1588068 - IDB: Database integrity check can't be aborted

Reporter

Description

•

6 years ago

I reported this issue in bug 1541776 comment 22. We use progress handlers (sqlite3_progress_handler) with all database connections to check if database operations need to be aborted. This is especially useful during shutdown. However, it seems that "pragma integrity_check" doesn't use the progress handler. Integrity checks may last long time which sometimes results in shutdown hangs.

I found out that this was already requested by some users, for example here:
https://www.sqlite.org/src/info/33fdaab1a0

Jan Varga [:janv]

Reporter

Comment 1

•

6 years ago

:drh, do you think this could be fixed in sqlite ?

Flags: needinfo?(drh)

D. Richard Hipp

Comment 2

•

6 years ago

PRAGMA integrity_check does invoke sqlite3_progress_handler, just like every other statement. The progress-handler callback is invoked on certain byte-code operations, typically jumps. If those byte-code jump instructions are not performed, then the progress-handler is not invoked.

PRAGMA integrity_check does perform jumps.
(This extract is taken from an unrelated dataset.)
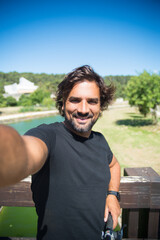 Handsome man taking selfie photo. Person in black t-shirt with bicycle picturing himself in park....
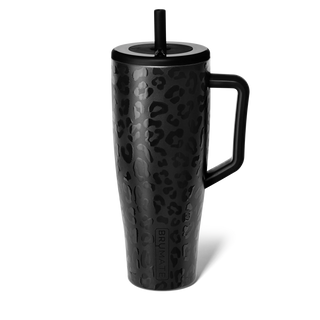 Black leopard print mug with handle and straw lid on a white background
But there is one opcode (the IntegrityCk opcode, which you can see near the top of an EXPLAIN listing for PRAGMA integrity_check) that scans the entire database for low-level formatting errors, and that one opcode can run for several seconds or more, depending on the size of the database and/or I/O performance. All the while that the IntegrityCk opcode is running, no progress-handler callbacks are invoked.

The IntegrityCk opcode is not the only opcode that might run for a while. The Count opcode does a high-speed count of the number of rows in a table and is used to optimize "SELECT count(*) ..." queries. It also can take a while on a database with a large number of rows (though it is much much faster than loading and counting rows separately, which is why the opcode exists in the first place.)
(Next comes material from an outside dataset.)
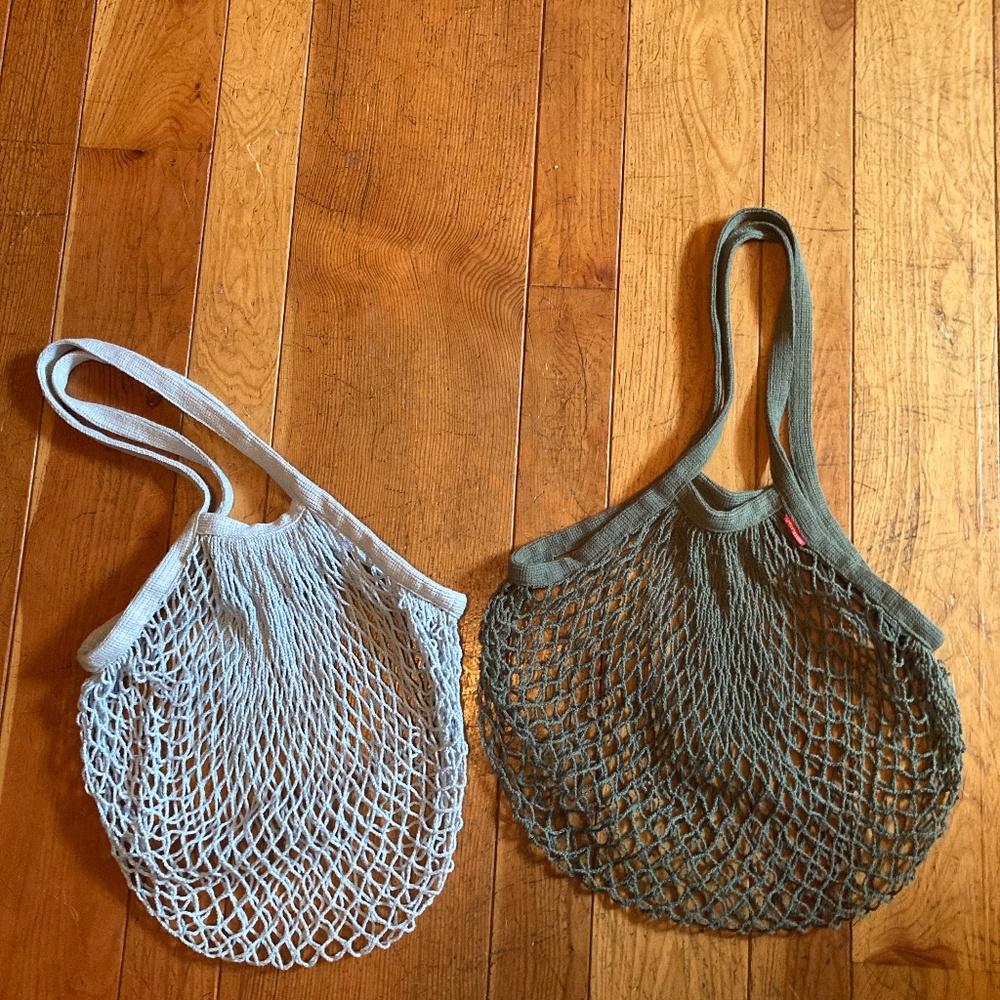 Bundle of two cotton mesh bags green and blue.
We could, in theory, split up the IntegrityCk opcode into multiple opcodes that run in a loop, and thus invoke the progress-handler more frequently. But there is a trade-off. Splitting up the opcode means that the "PRAGMA integrity_check" command uses more memory and runs slower - even for the overwhelmingly common case where the application is not using progress-handler.
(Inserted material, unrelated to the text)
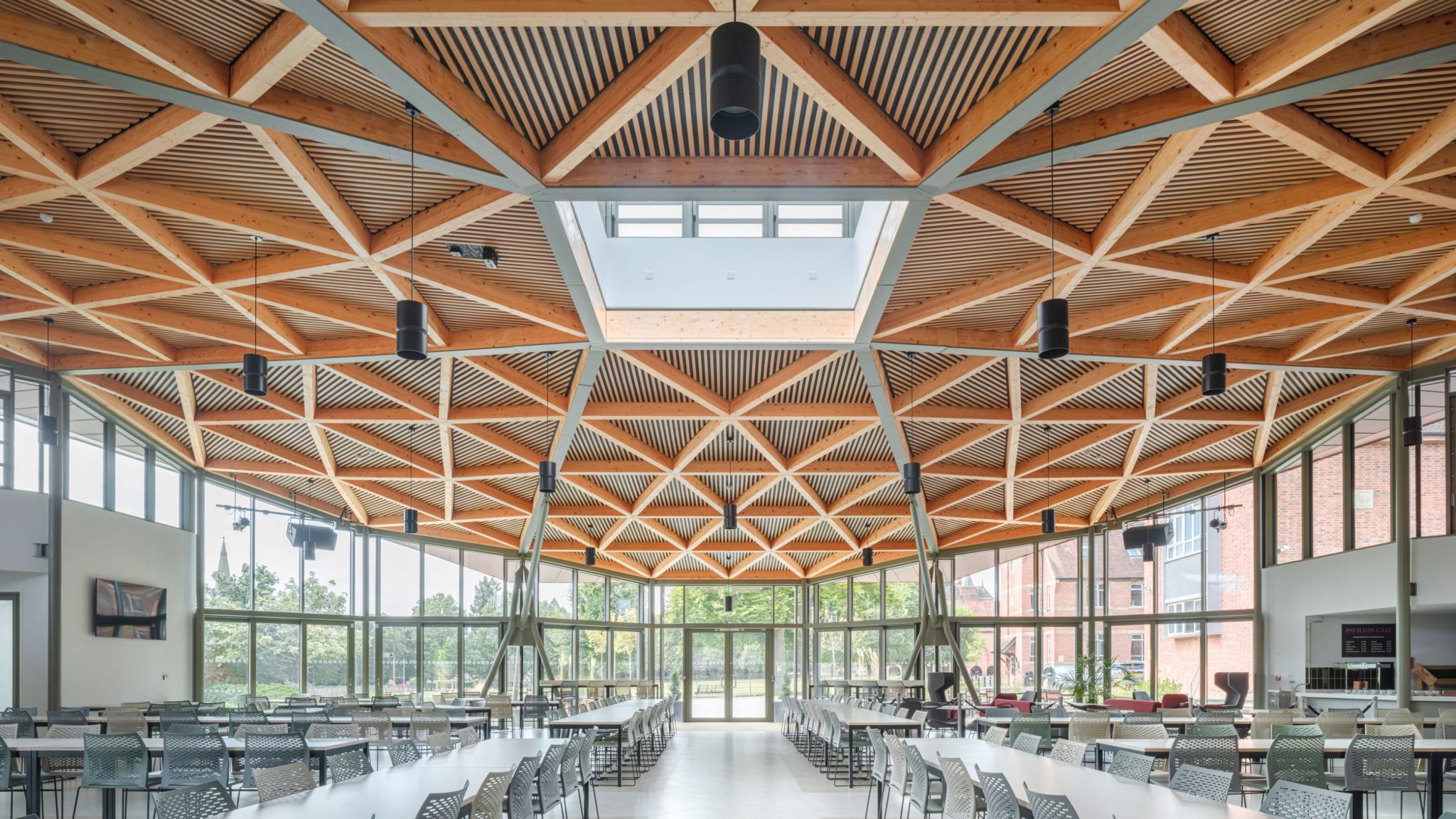 David Morley Architects LLP — View of the interior of the pavilion, featuring the spacious dining space and lattice glulam interior roof structure.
I'm thinking that it might not be a good choice to slow down billions of mobile phones in order to help FF shutdown a little faster in an obscure corner case where FF happens to be running an integrity check at the same moment that the user selects "Close". Why can't you just kill the thread in which the integrity-check is running? Or, for that matter, why can't FF simply shutdown by invoking exit(0)?

Flags: needinfo?(drh)

Jan Varga [:janv]

Reporter

Comment 3

•

6 years ago

Ok, thanks for the explanation. Firefox shutdown is quite complicated thing. See https://github.com/asutherland/asuth-gecko-notes/blob/master/ipc/SHUTDOWN.md
We do use exit(0) for content processes in optimized builds, but the main process must handle open transactions, save telemetry, etc. So we can't just call exit(0) in the main process. We could try to kill the thread, because IndexedDB has currently its own dedicated thread pool for database maintenance. However that might change in future since we're trying to reduce number of threads in general and reuse thread pools if possible.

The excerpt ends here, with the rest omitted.